Reynaldo Reynoso (admin)
In the furtherance of our understanding of Biblical judgement, we find that our logical thinking begs a question.
Well said, you may say, we are to judge but according to a proper scale and first working on ourselves. But, the critic may wonder if I am ignoring a fact that what Jesus was talking about was the obvious and not judgement. “Judgement is finding out someone?s worth” the critic may add. In fact, some others may add, there is so much danger in this that Jesus emphasized in the book of Luke (the same Sermon) not to judge.
And it is an honest question: How does a person judge the heart of another?
Now there came a time when Jesus was preaching to the crowds about the prophet, John the Baptist, and he begins to expound on how one greater than John the Baptist has arrived. For indeed, states Jesus, all the prophets and the Law prophesied until John and John proclaimed the coming of the King.

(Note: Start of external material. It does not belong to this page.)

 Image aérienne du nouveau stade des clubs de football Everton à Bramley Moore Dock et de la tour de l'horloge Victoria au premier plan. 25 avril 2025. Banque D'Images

It was in this setting of Matthew chapter 11, among many miracles and signs and wonders, that Jesus points out the heart of the people of that generation and he says in Matthew 11:17-19:
17 and say, ‘We played the flute for you, and you did not dance; we sang a dirge, and you did not mourn.’
18 “For John came neither eating nor drinking, and they say, ‘He has a demon!’
19 “The Son of Man came eating and drinking, and they say, ‘Behold, a gluttonous man and a drunkard, a friend of tax collectors and sinners!’ Yet wisdom is vindicated by her deeds.”
This is key to our discussion on judgement in this next session here, for Jesus is showing how the people have viewed Himself and John the Baptist. They wanted Messiah to be like their puppet, doing what they wanted Him to do and saying what they wanted Him to say, but were vastly mistaken in their preconceptions. They claimed John the Baptist had a demon because he refused certain foods (ate locusts) and lived in the wilderness. They claimed Jesus to be a gluttonous man, a drunkard, a friend of tax collectors and sinners, yet, he stated, wisdom is proven by her deeds.
In other words, “my actions speak much louder than your words. They will prove themselves.”
Jesus then went on to denounce cities in which His miracles were done because they refused to repent. He made a point to underscore how it would be more tolerable in the day of judgement for cities which had not seen the many signs and wonders that Jesus had done than for these cities in that day which saw and rejected.
He stood in the midst of the crowds denouncing cities and praising God that all things have been handed over to Him and now He makes a public proclamation in verses 28-30 of chapter 11 to come to Him, those who are weak and heavy laden.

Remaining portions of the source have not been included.